I wake up with the attitude "Just because my day is dominated by my kids, doesn't mean I will let my kids dominate me. No sirree." Sure, they want me to drop whatever I'm doing to play, to referee their arguments, go with them to the bathroom, paste Band-aids on microscopic boo-boos, tear tape for art projects, etc. While I try to balance their requests and my agenda -- and often succeed -- there are some days their unpretentious requests take on a sinister edge. As the requests accumulate, everything else does, too: the stacks of dishes, the piles of laundry, the papers that need sorting, etc. And then I hear my voice saying "No!".

The "No" can come out low and growly or loud and scary. It usually means "There is NO MORE of ME to go around." I am grasping for space and perspective. It's not about the kids. Most of the time it's about me.
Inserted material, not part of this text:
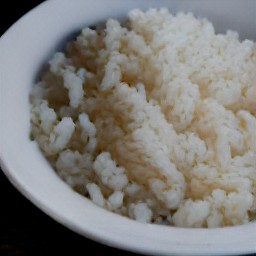 a plate of cooked white rice.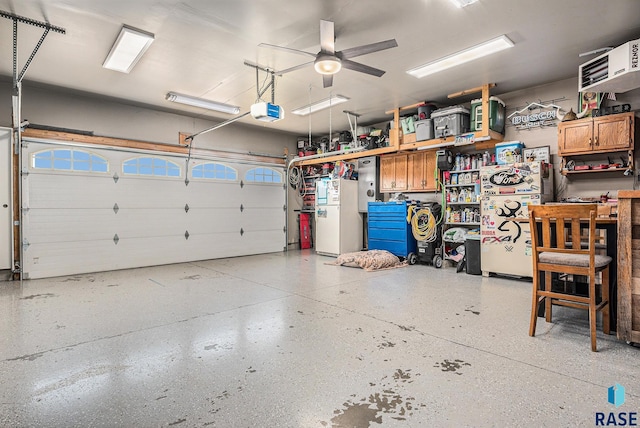 garage with freestanding refrigerator, ceiling fan, and a garage door opener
So I am learning to pause. To breathe. To ask: Is this an unreasonable request? Am I feeling stressed? Am I trying to accomplish too much today? Do the kids need to spend some one-on-one time with me? WHY am I saying "No"?

We are all kids inside. When pushed, we push back. When pushed for time, for a sense of control, we push back against the things that threaten to take these away. We even push away the people we love most in the world. My "No" is one way of pushing back my kids -- to protect the territory that they daily threaten to invade: my time and energy.

But we are not enemies, my kids and I. We are on the same side. And we live on common ground; we can compromise on immediate requests. I can find a way to say a "Yes" that works for everyone. I just need to have more practice. "Yes." "Yes." "Yes."

It feels really different to say "Yes." It's kind of a slippery word. I'm still experimenting with saying it with as much gusto as "No." I do hope I like the results.